TASK TO COMPLETE |
Print exactly the lines from the one containing "Pedali for bici" through the last line of the records below, both included, and nothing else; omit any pictures.

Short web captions
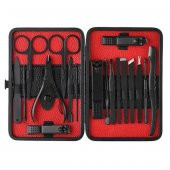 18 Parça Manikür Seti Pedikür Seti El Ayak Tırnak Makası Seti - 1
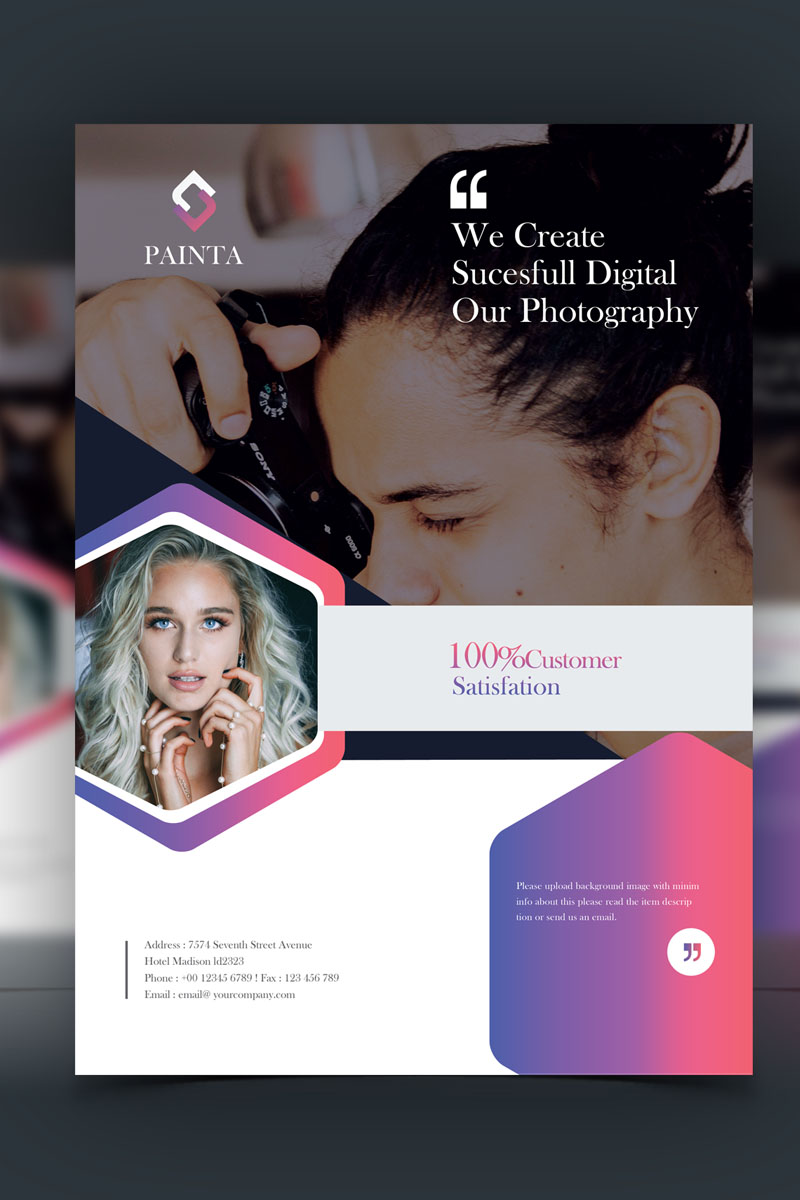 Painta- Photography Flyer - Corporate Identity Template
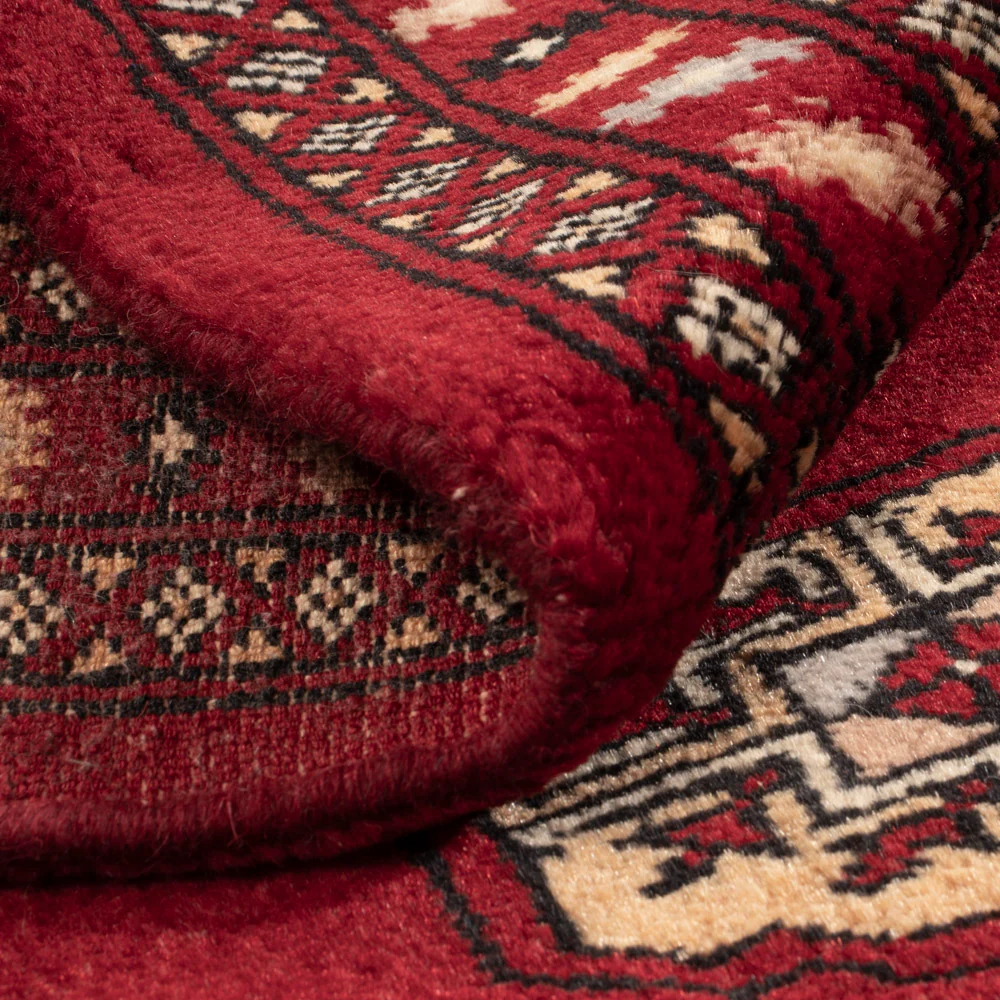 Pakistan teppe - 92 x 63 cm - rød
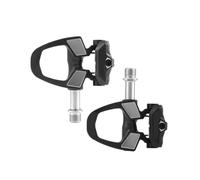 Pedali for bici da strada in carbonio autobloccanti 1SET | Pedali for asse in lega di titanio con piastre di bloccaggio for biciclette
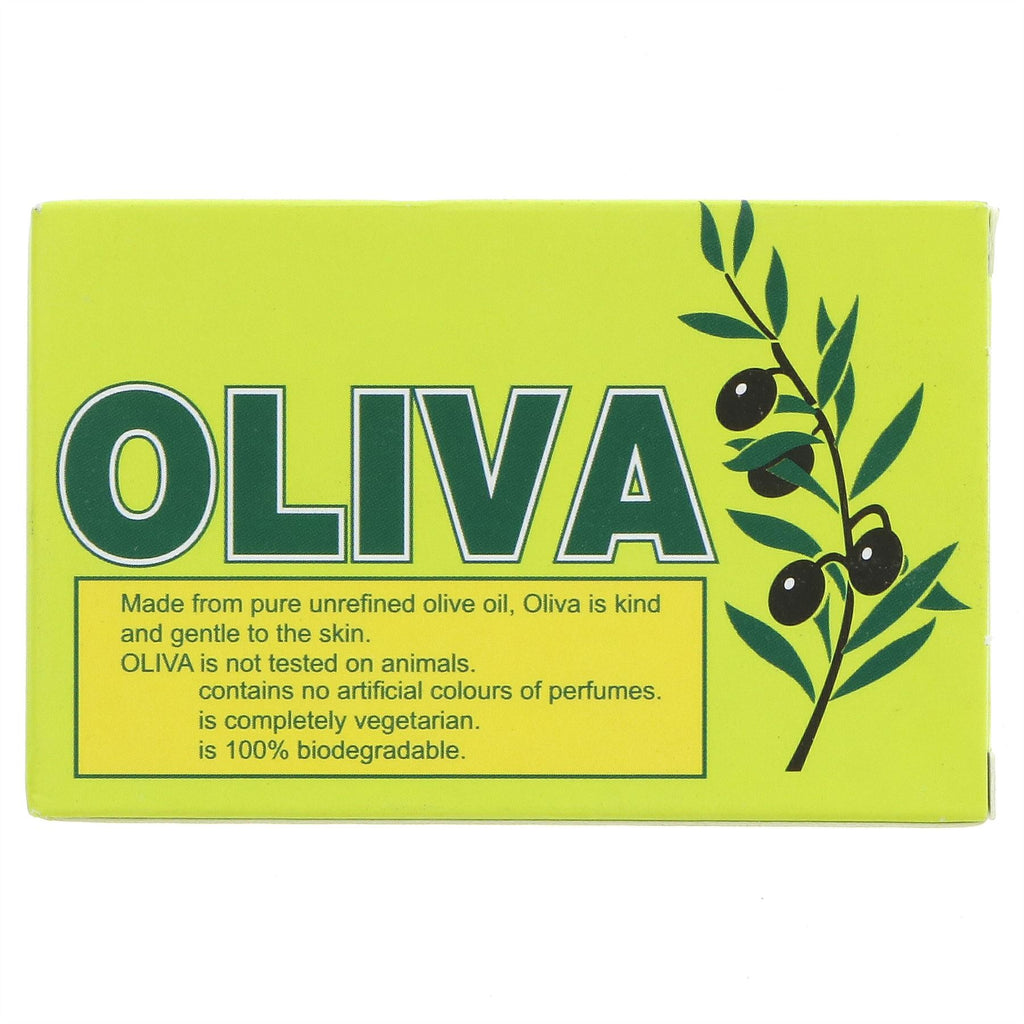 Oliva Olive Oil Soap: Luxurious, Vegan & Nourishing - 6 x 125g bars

YOUR RESPONSE |
 Pedali for bici da strada in carbonio autobloccanti 1SET | Pedali for asse in lega di titanio con piastre di bloccaggio for biciclette
 Oliva Olive Oil Soap: Luxurious, Vegan & Nourishing - 6 x 125g bars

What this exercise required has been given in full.